В доказательство того, что он жил в этом мире, Казимир не оставил ничего, кроме своих детей. Словно подул сильный ветер и унес его имя навсегда из нашего мира.
Его смерть усилила мое намерение оставить что-нибудь после себя, чтобы все знали, что я был здесь, я жил и, прежде чем умереть, пытался создать хоть что-то, что придавало моей жизни ценность.
Ветру не удастся унести мое имя из этого мира.
Тем летом отец потерял работу на фабрике пластиковых изделий в Патерсоне, где трудился оператором станка.
Свободных вакансий на местных фабриках и в мастерских не нашлось, и единственное, что нам оставалось, – это переехать в Ньюарк, где недавно открыли несколько новых фабрик. Мы поселились в многоквартирном доме в центре города, а если точнее, в районе трущоб, носившем название Проджектс, в скопище безликих зданий, созданных из бетона и отчаяния.
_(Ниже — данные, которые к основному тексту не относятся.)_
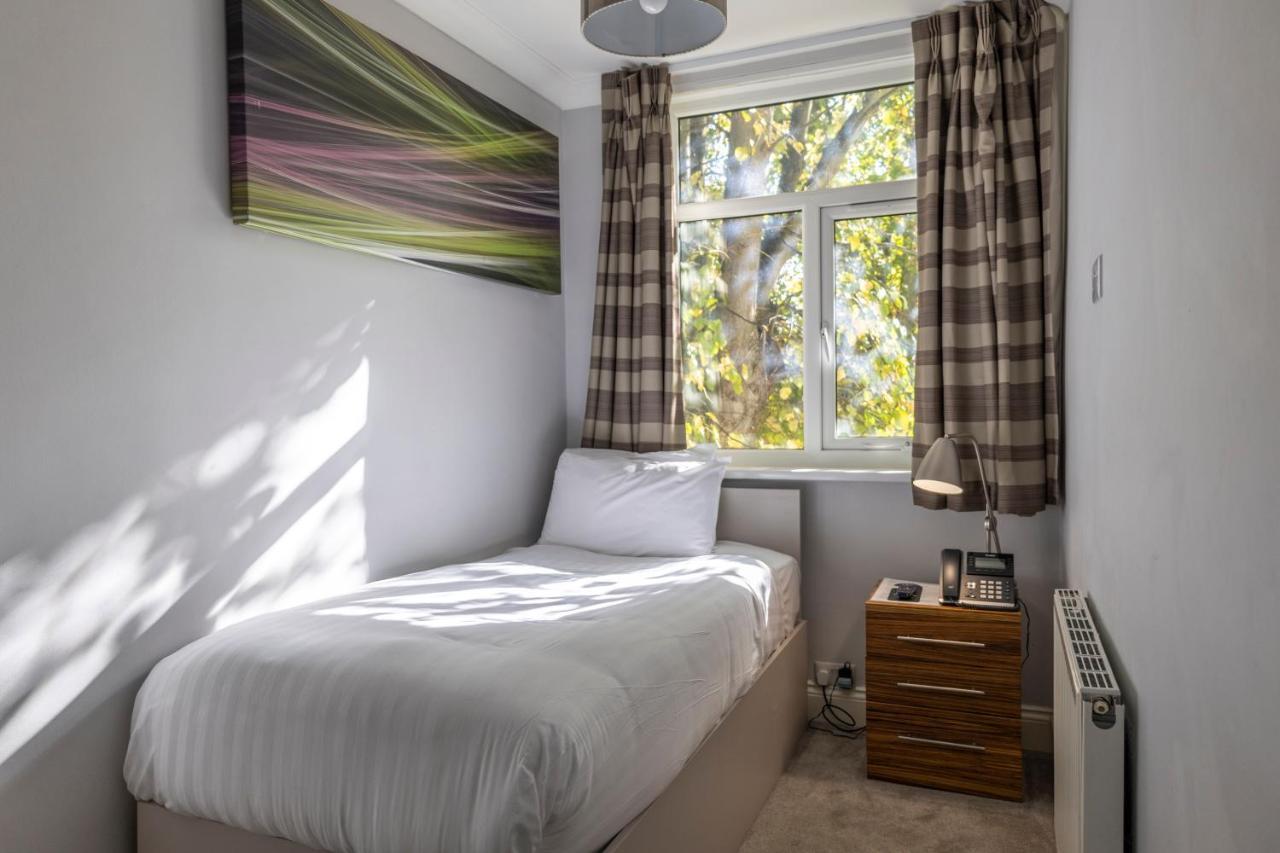 Uno Hotel Heathrow Windsor سلوف المظهر الخارجي الصورة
День и ночь в коридорах раздавалось эхо разговоров на повышенных тонах, а сами дома стояли так близко друг к другу, что блокировали любое движение воздуха, даже если все окна были открыты. Между домами лежали узкие полоски ничейной земли с засохшими сорняками, осколками стекла, проржавевшими магазинными тележками и кучами мусора. Пьянчуги и наркоши использовали такие места в качестве бесплатных уборных. Запах, стоявший между домами, не поддавался никакому описанию. Если окна квартиры выходили на пожарную лестницу, то это считалось большой удачей, ночью можно было выбраться наружу и попытаться заснуть или просто спастись от жары, лежа на металлических решетках лестничных площадок. На улице же постоянно раздавался вой сирен полицейских машин, по которым можно было понять, где произошла очередная уличная драка, и какофония автомобильных клаксонов, которые никак не могли найти нужную, общую для всех тональность даже в четыре часа утра.
ВЕТРУ НЕ УДАСТСЯ УНЕСТИ МОЕ ИМЯ ИЗ ЭТОГО МИРА.
Место было мало того что просто ужасным, так еще и для оплаты жилья нам пришлось расстаться почти со всеми деньгами, и теперь нам не хватало даже на еду. Мы постоянно ходили голодными. На завтрак мы ели хлеб, вымоченный в молоке, а вечером нам давали так называемый томатный суп, приготовленный из кетчупа, разбавленного теплой водой. Яйца и бекон в холодильнике предназначались исключительно отцу, которому нужно было плотно питаться перед выходом на работу. Отец редко ужинал дома, поскольку предпочитал питаться в барах во время «счастливых часов»[11].
Обстановка на улицах Ньюарка была накалена до крайности: афроамериканцы боролись за свои гражданские права против отрядов полиции, которые были готовы жестоко подавлять все, что гипотетически могло переродиться в организованное сопротивление властям.